Do Micro Ao Macro
Varejo brasileiro usa agentes de IA para prever falhas logísticas em entregas
Tecnologia da SimpliRoute antecipa gargalos logísticos e evita reentregas, que podem custar até metade do valor do frete original.
O varejo brasileiro passa a usar agentes de inteligência artificial para prever atrasos em entregas antes que eles cheguem ao cliente. A tecnologia busca resolver gargalos operacionais antes que gerem reclamações ou custos de reentrega, que podem chegar a 50% do valor do frete.
Segundo o levantamento State of Logistics, 80% das empresas brasileiras ainda enfrentam gargalos de eficiência operacional.
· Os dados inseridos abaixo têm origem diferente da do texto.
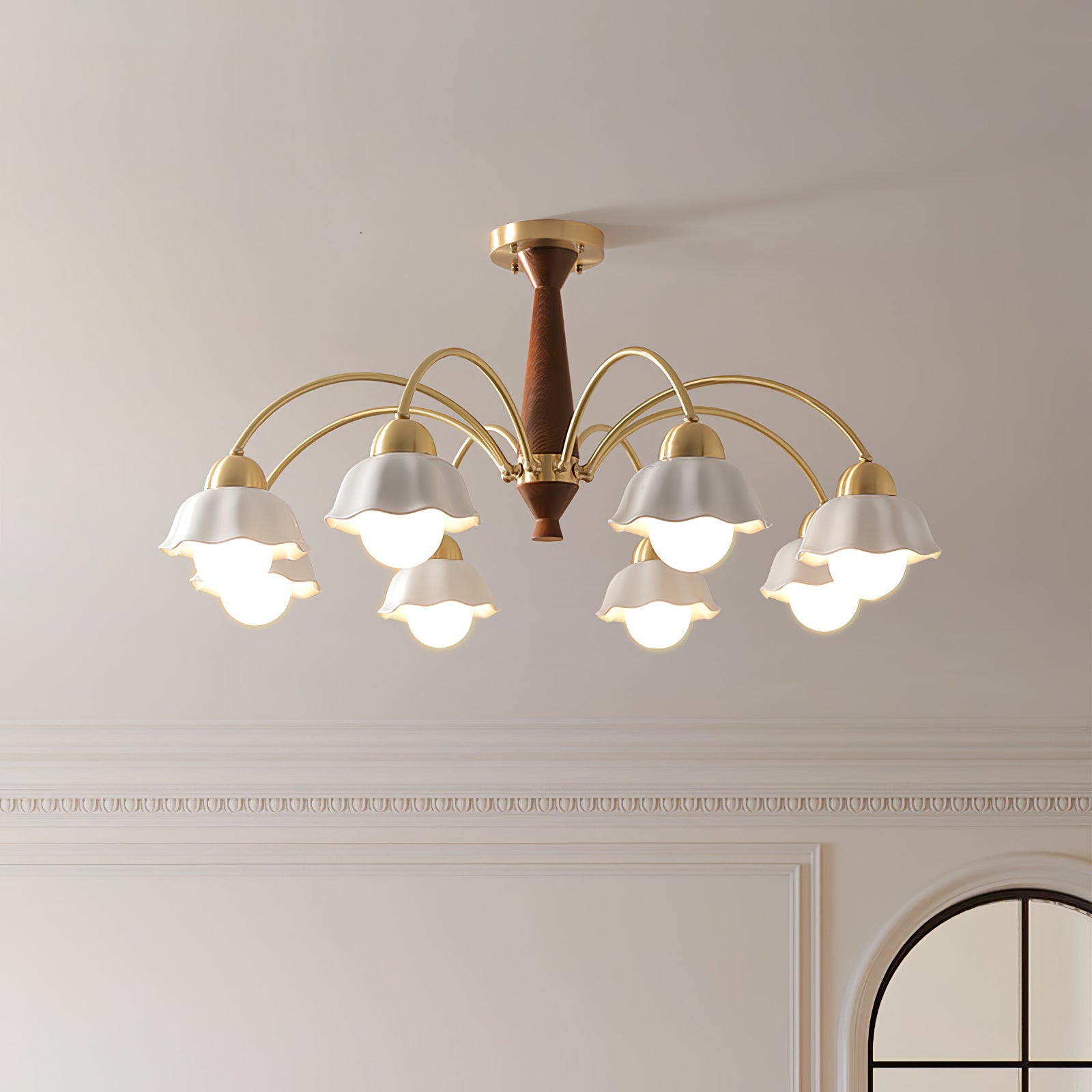 Lámpara de Techo Moderna de Latón con Cerámica Opalina y Madera, Estilo Escandinavo, Compatible con Bombillas LED 6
Diante desse cenário, o varejo e o e-commerce nacional buscam antecipar falhas antes que a entrega não aconteça.
Álvaro Echeverría, CEO da SimpliRoute, empresa de inteligência logística, afirma que a evolução da IA generativa permitiu o surgimento de agentes autônomos capazes de interpretar comportamentos e executar planos de ação sem intervenção humana.
Ainda de acordo com o estudo, 30% das empresas de logística no Brasil já investem em inteligência artificial. Para essas empresas, a prioridade passou a ser a antecipação de atrasos, o que ajuda a proteger a reputação das marcas e evitar o prejuízo de tentativas de entrega frustradas.
Echeverría diz: “O uso de agentes autônomos é o caminho natural para empresas que precisam conectar o sucesso das vendas à precisão da entrega em tempo real. No Brasil, o consumidor não quer apenas uma resposta rápida, ele quer que o sistema antecipe problemas e garanta que o produto chegue ao destino sem que ele precise intervir.”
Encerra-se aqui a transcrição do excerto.